Öte yandan; bugün yapay zekâ üzerinden sürdürülen işin geleceği tartışmalarının sadece emek kesiminin geleceğine indirgenmesi, “var olan çelişkilerin” oluşturduğu krizlerin derinleşmesinden başka bir sonuç doğurmayacaktır.
Elbette teknolojik gelişmeler yadsınamaz. Fakat bu gelişmeler, var olan teorilerin dayattığı gibi salt maliyet unsuru olarak görülen emeğin ve emek kesiminin geleceğine ilişkin maliyete dönüşmemelidir.
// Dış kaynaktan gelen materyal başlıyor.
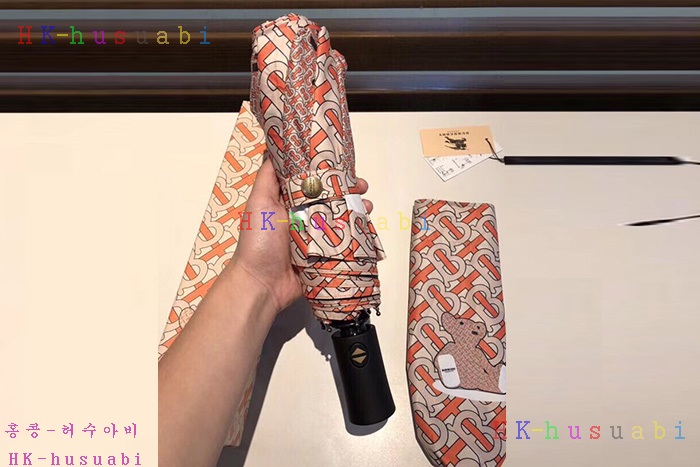 NEW  ������ ��� �Ż� BB 3101230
Elbette gelecek de yadsınamaz… Fakat bu geleceğin hepimize ait olduğunu da bilmek zorundayız. Sömürü üzerine kurulan bugünkü küresel ekonomik ve siyasi sistemin dünyanın geniş kitlelerini mülksüzleştirdiği, yeşili ve tarım arazilerini yok ettiği; sermayeyi dünyanın belirli bölgelerinde temerküz ettirerek refahı artırırken, dünyanın diğer bölgelerinde fakirliğe ve sefalete yol açtığı gerçeği ortada dururken, bugüne kadar üretilen politikaların zeminini oluşturan teorileri geleceğimiz için sorgulamak mecburiyetindeyiz.
Eğer, yaşadığımız sorunların kökenine inilmez; tartışma emeği ve emekçiyi “belirlenen”, sermayeyi “belirleyen” bir konumda sürdürülürse, korkarız ki, şu an yaşadığımız kürüsel kriz küresel bir kaosa dönüşecektir.
Bizler, başından itibaren çelişkiler üreten, deyim yerindeyse geniş kitleleri yönetmek için kurgulanan teorilerin yerine, emek kesiminin güçlü katılımını sağlayacak bir anlayışla, insanlığın sorunlarının gerçek bir zeminde tartışılabileceğine inanıyoruz.
İnsan onuruna yaraşır sürdürülebilir işin hayata geçirilebilmesi, “adalet ve adil paylaşım” ilkelerinin bütün ülke politikalarının merkezine alınmasıyla mümkündür.